Two things have fascinated me over the last couple of days one is the many little wine houses where the wine is put to ferment, they are like something out of The Lord of the Rings. Big mounds of earth with a door and several chimneys.

The other fascinating thing is the storks nests on every Church tower, at least three on each and so close to the bells you’d think the poor storks would be frightened out of their wits…..

Today I heard my first Cook-coo, (I really have no idea how to spell the name of this naughty bird) surely a sign of spring? And so many of the spring flowers are now coming out, it would be nice if the sun would join in the party….

I have been reading my guid book which tells me that the day after tomorrow at 1,155 metres above sea level is the highest climb of the entire route. It’s not filling me with a great deal of enthusiasm right now…….

I met some great people today, I walked for a while with a German girl who now lives in Ireland, she did the whole Camino two years ago, then last year she did half, and this year she began her journey at Leon so that she will have completed two Camino’s. She describes herself as a Camino junkies day next year wants to do the coastal route. She also wants her daughter to scatter her ashes along the Camino, like Martin Sheen does in the film The Way…..
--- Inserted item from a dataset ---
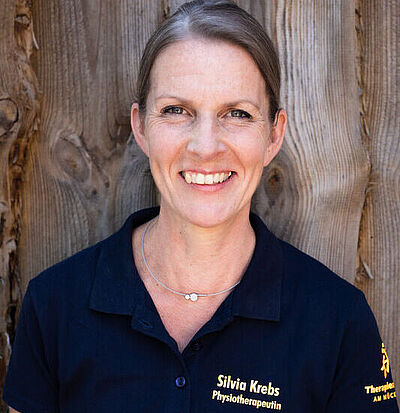 Silvia Krebs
I met three French people who were debating whether to take the road or the alternate route. I loaned them my map and they too decided of the alternate route. One of the French ladies was super fit and very soon overtook me and hiked on into the distance, her two companions were left way behind and I didn’t see either of them again……

I read a little note today placed on a railway bridge, it said ” 𝙻𝚒𝚏𝚎 is a Camino”, and it strikes me to be very pertinent……

I have decided that if I stay in a little hostel or B&B, somewhere that it’s obvious that the owners couple are running it and doing everything themselves, that I will strip the bed for them just to give them a nice surprise when they come to change the room. I wouldn’t do it in the big hotels as that would be doing someone out of a job…..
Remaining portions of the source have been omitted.